Snow covers the popular touristic neighbourhood of Darban, close to Mount Damavand. Luxury cars  make their way through to properties on higher ground.

Street hawkers don’t exist here. There are only some friends, men and women, who have come to the higher ground for snowball fights and to take pictures. The taxi driver tells Rudaw that houses in the area are so expensive that “no one can buy them”. “House rents here are outlandish, with the rent averaging between $2,000 to $7,000,” explained the taxi driver.

The US sanctions may have hit the majority of Iranians and made their lives more difficult, but not for some residents of Tehran’s north.

Sanaz, who doesn’t wear the mandatory hijab, explained to Rudaw that the sanctions may have actually made them even richer.

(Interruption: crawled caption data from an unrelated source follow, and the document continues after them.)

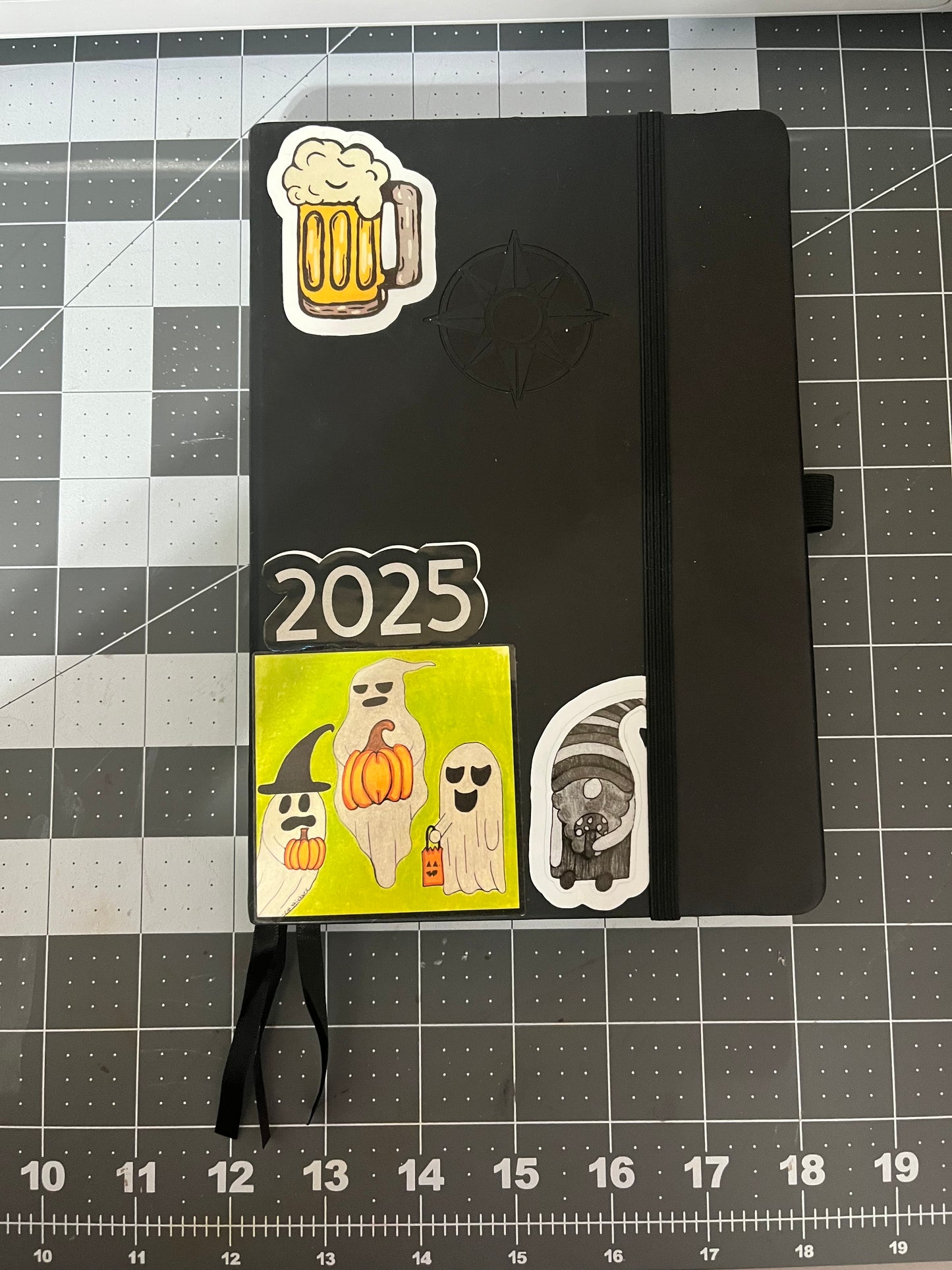 2025 Sticker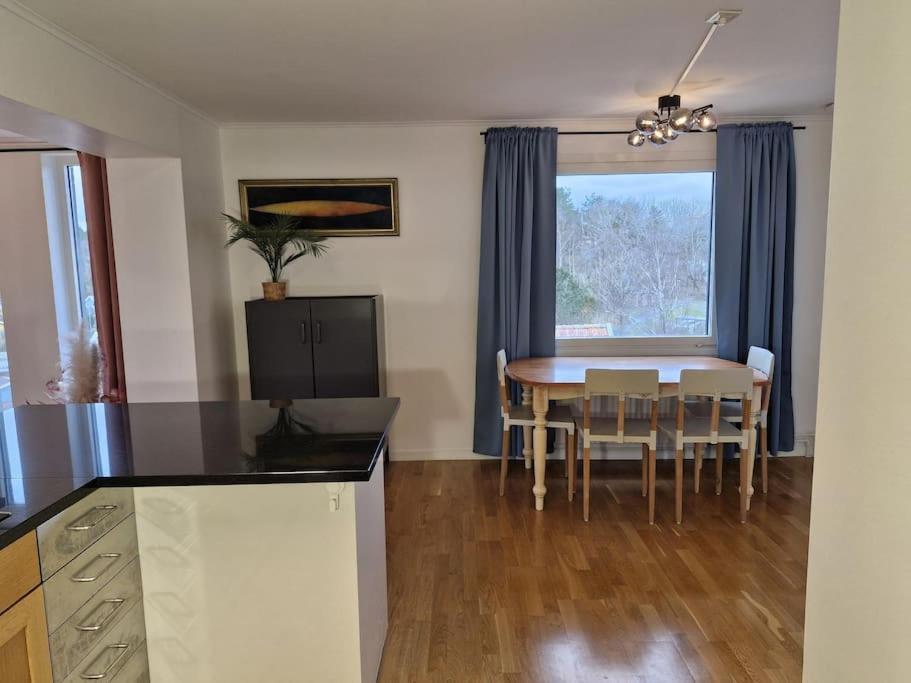 Apartment Aekta Studio 2 Gothenburg Bagian luar foto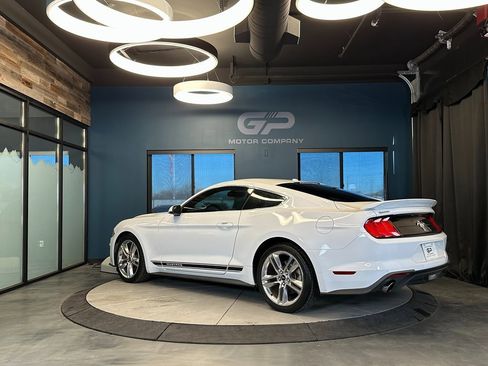 Used 2019 Ford Mustang Premium w/ Pony Package image 5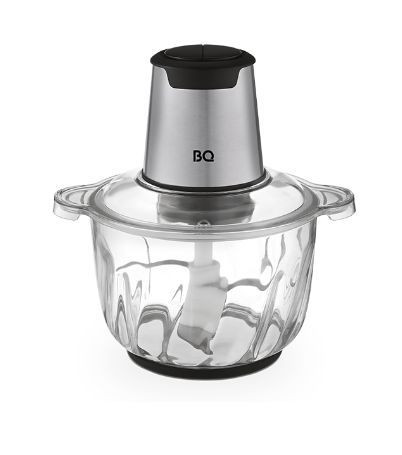 Измельчитель BQ CH1008 Black-Steel
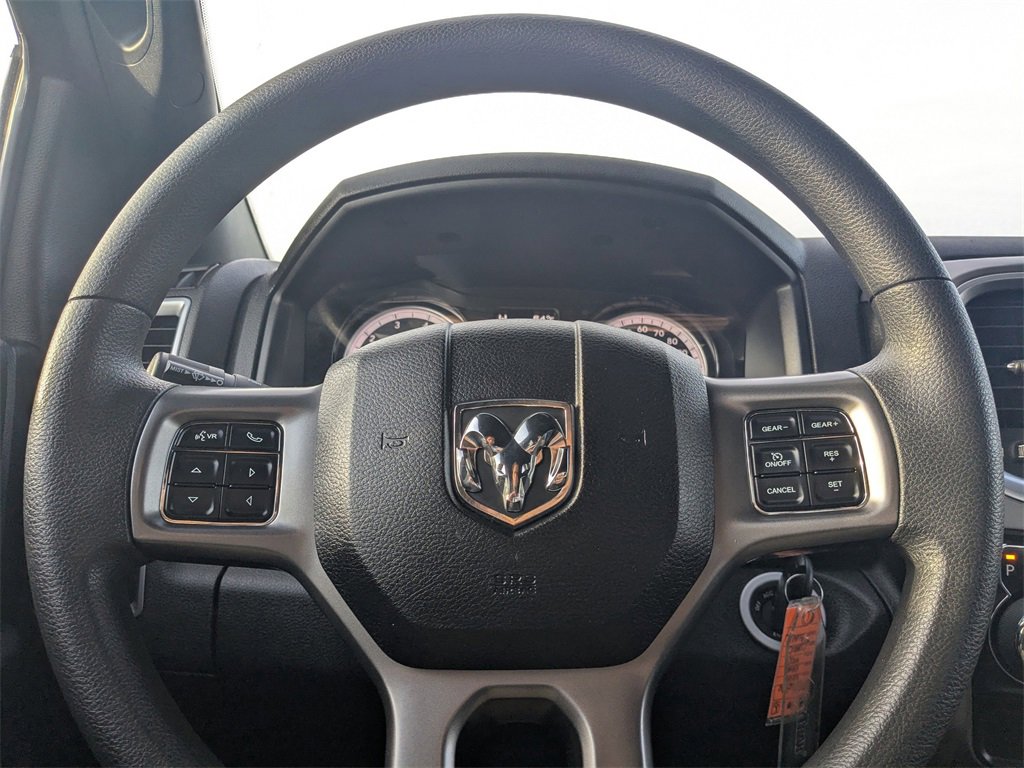 Used 2024 RAM 1500 Classic Warlock image 21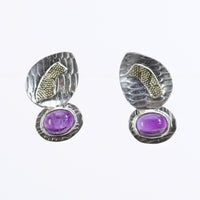 Falling Leaf Earrings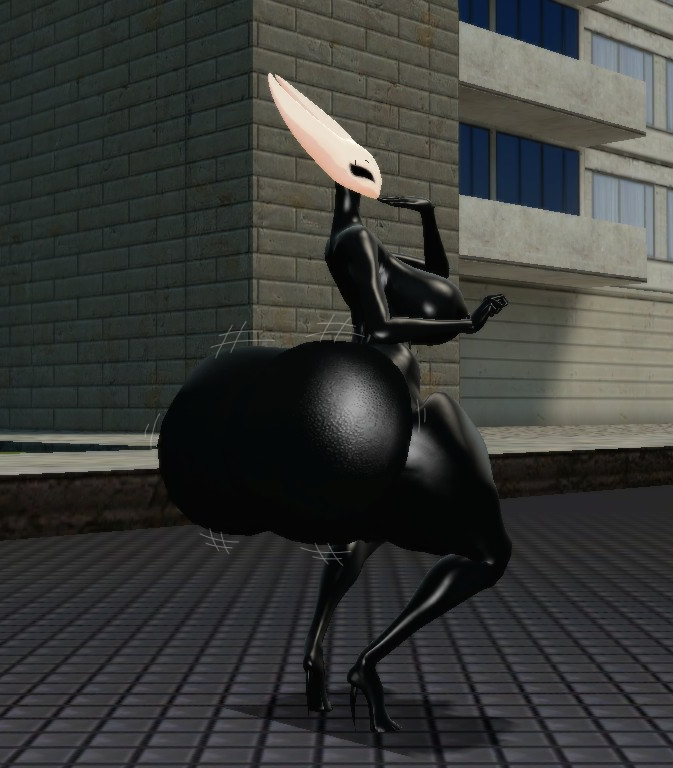 Hornet (Hollow Knight) Rule 34 Image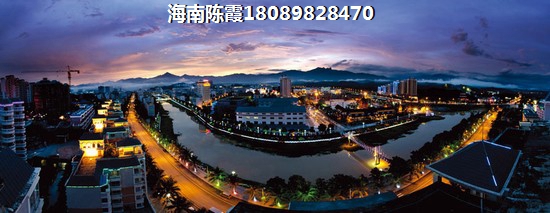 海南乐东县这里房价多少钱一平方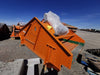 VIBRAMECH 14ft. x 8ft. Single Deck Vibrating Horizontal Screen H1-42-24 w/ 2x11 kW Motor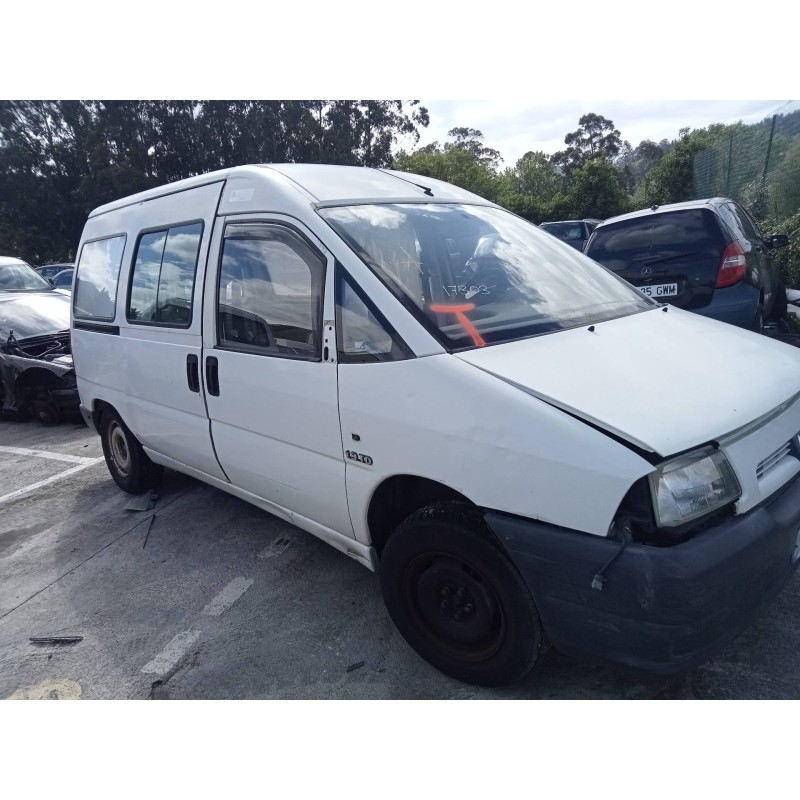 citroen jumpy del año 1997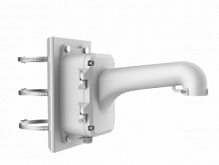 Кронштейн DS-1604ZJ-BOX-POLE Hikvision
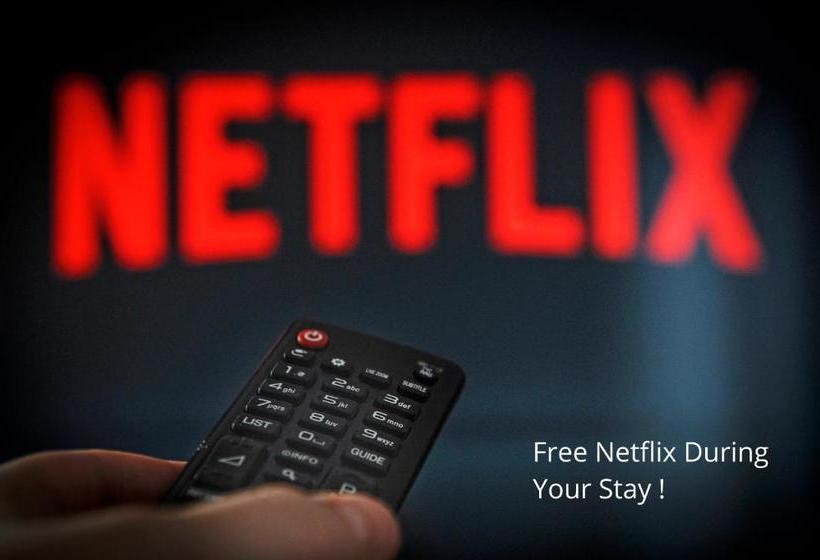 בית מלון כפרי The President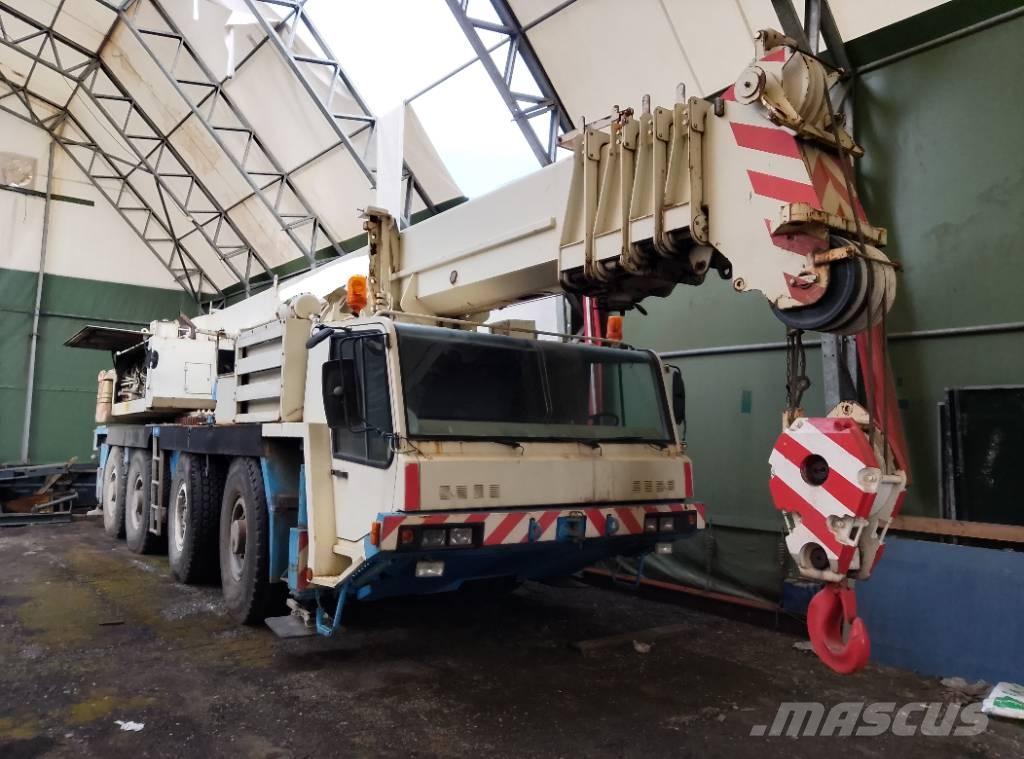 Faun ATF 70-4 All terrain cranes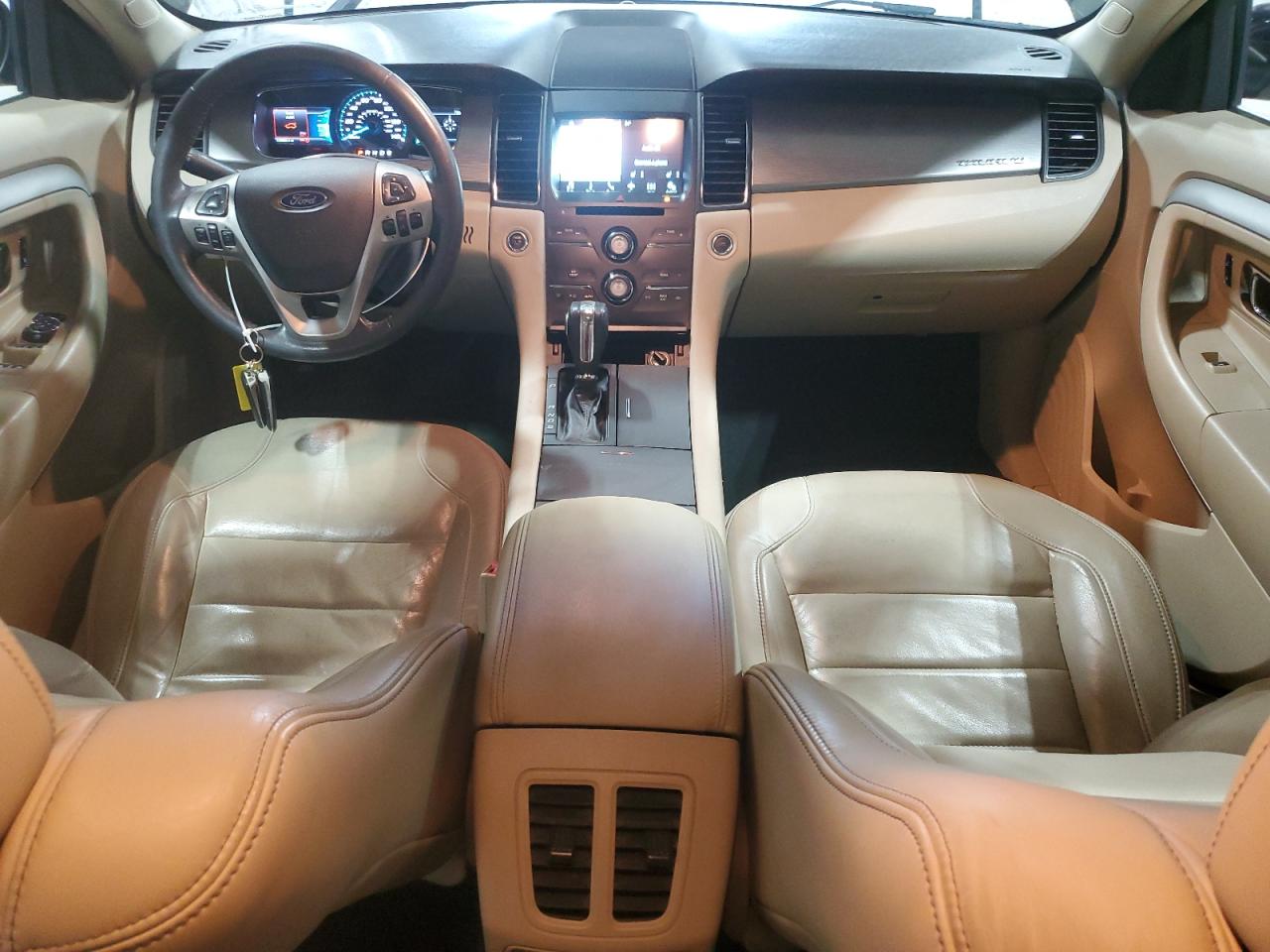 2016 Ford Taurus Sel VIN: 1FAHP2H89GG109469 Lot: 91872935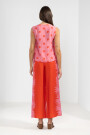 MICHU PANTS Fucsia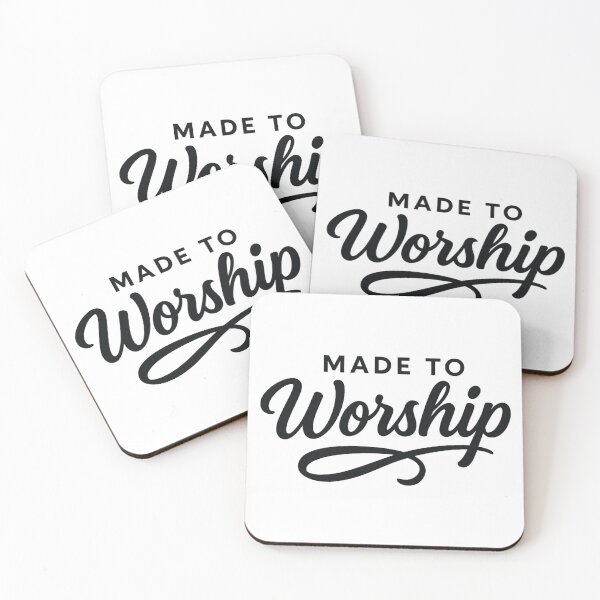 Item preview, Made to Worship - Music & Praise designed and sold by ChristianLife.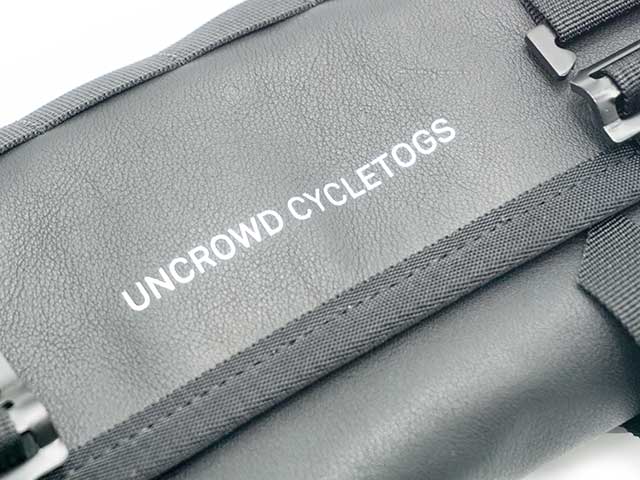 UNCROWD/󥯥饦ɡۡߡBALLISTICS/Хꥹƥ2024SSTool Pouch/ġݡ(241-81-004)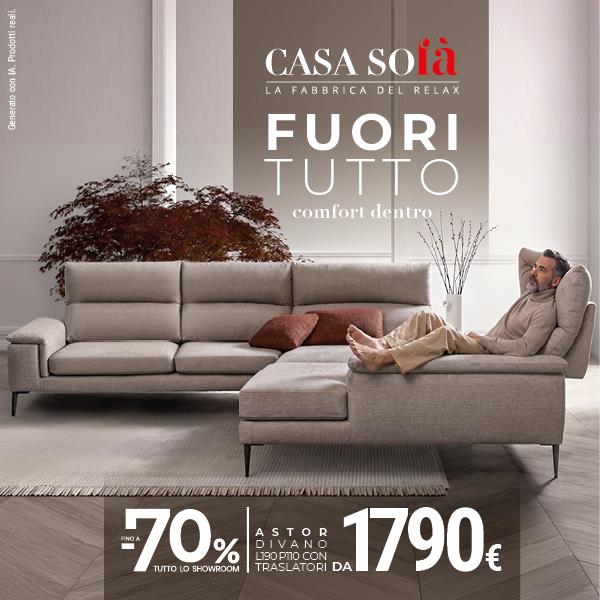 Astor con traslatori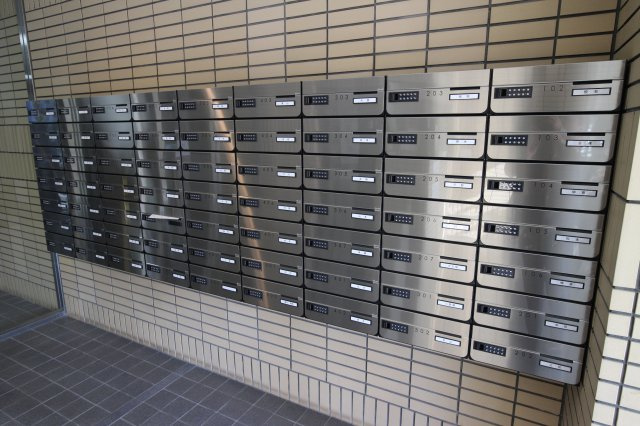 カルム学園緑が丘のその他共用部分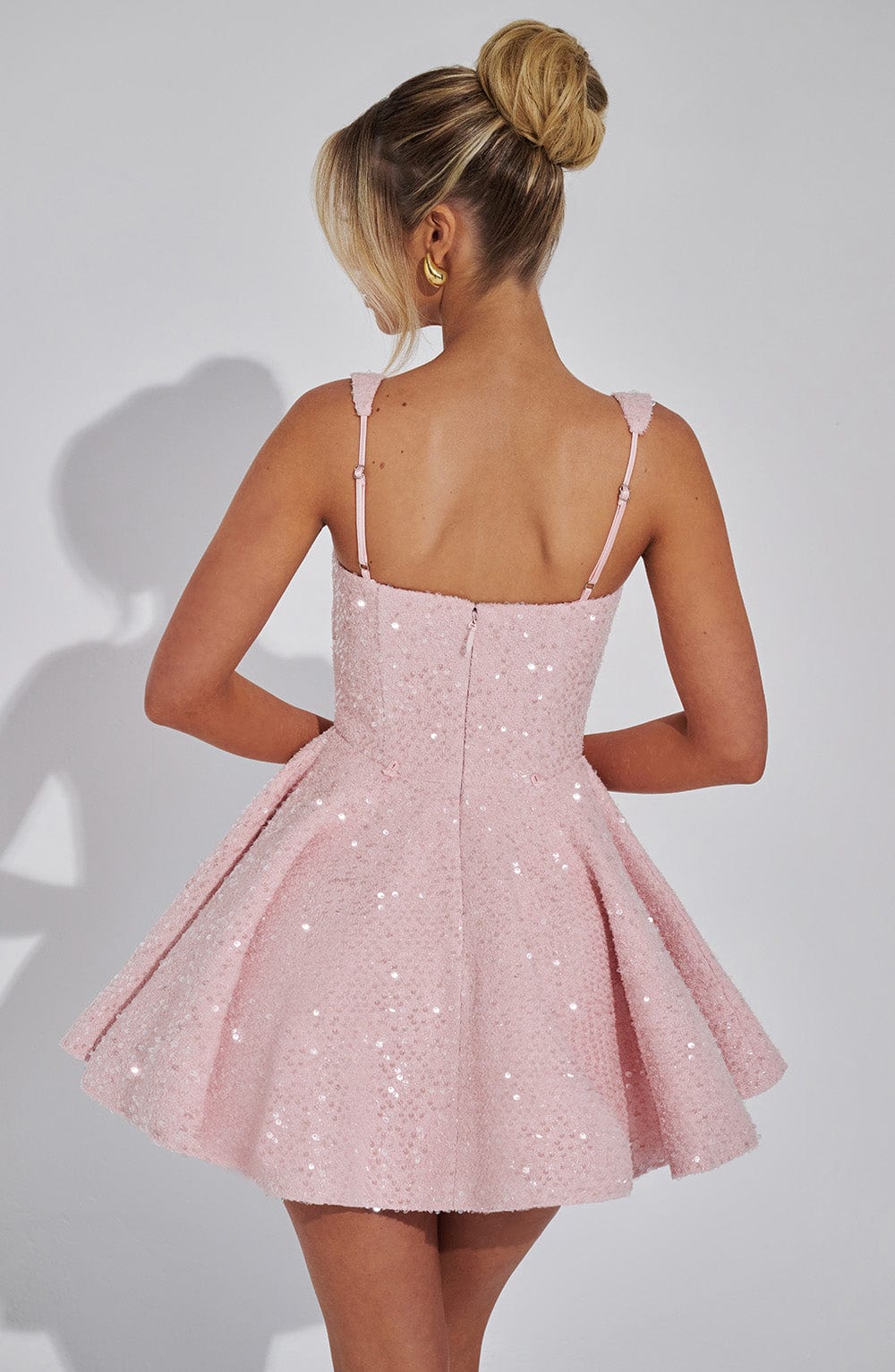 Lune | Robe Mini Dorothy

“The financial conditions have not affected our class at all because my husband is a real-estate developer. He has given many of our shops up for rent. Thus, with inflation, the price of our goods increase too,” she explained.

Unlike ordinary Iranians who live off of $600 a month, the average monthly expenditure of Sanaz and her family ranges between $1,500 to $2,000.

“At times, we travel abroad, and those expenses increase.”

“When shopping, I never ask about the price. I buy whatever I like for myself and children,” revealed Sanaz, who has never been to the poverty-stricken south.

Binyamin, Sanaz’s husband, explained that “the upper class win in all cases”.

“For example, I have a friend who sells construction material. He has made huge profits amid the sanctions and inflation, and he doesn’t want the situation to change,” Binyamin claimed.


Here, you cannot see morality police enforcing religious laws, and men and women freely engage in snowball fights and wrestling,  music playing loudly in their high-end cars as they drive away to other tourist areas.

On the other side is Tehran’s south , frequently in the headlines for poverty and social issues. Going to the metro station to the south of the city, many Afghan refugees can be seen carrying goods on their back. There are many street hawkers here. 

Shush, in southern Tehran, it is an entirely different world to the north of the city . Streets are old, buildings low. Shops are not high-end. The first thing Rudaw English saw was four men smoking hasish on the main street, without fear of being caught.

One of them, Akbar, expressed anger at the government. Married with two children, he told Rudaw English that he is unemployed despite applying for many jobs.

“I am forced to do any job I can, even stealing,” Akbar said as he smoked.

Akbar has rented one room for $100 a month. “It [the room] is so bad that you wouldn’t be able to endure sleeping in it for a night, but our hand is forced,” he explained.

Shops in this part of Tehran don’t see a lot of visitors.  55-year old Abdulla Mistofi owns a small restaurant in the area. “The people in this area are the poorest in Tehran. Things used to be better when there were some factories,” he explained.

“Following the US re-imposition of sanctions and the inflation, the factories suffered losses and closed their doors before even paying their workers,” Mistofi told Rudaw English.

“I used to make good money, but now I earn 6 million romans monthly, 4 million of which is spent on house rent,”he added.

 “People find it difficult to get by food to eat nowadays. At times, women come to me with their hungry children, asking me for some food. I give them our leftovers,” added the restaurant owner.

No one who plans for a good future for their children should live in this area, he concluded.

Unlike the north, women can seldom be seen on the streets here, and if they are on the streets, they are wearing the chador. 

42-year old Maheen takes care of her two children after getting divorced from her husband, who had developed a drug addiction. She set up a salon.

“This place is not very safe for women, so they don’t get out that much because it is full of homeless, drug addicts,” Maheen told Rudaw English.

She recounts how one day, some individuals wielding knives broke into a women’s salon, stealing all the womens’ money and gold.

“I tell women who come to my salon not to wear any gold because it is dangerous,” clarified Maheen.

Women have to resort to prostitution in a bid to feed their children, working for as little as $2, explained Maheen, who also told me to leave the area as it was unsafe for strangers.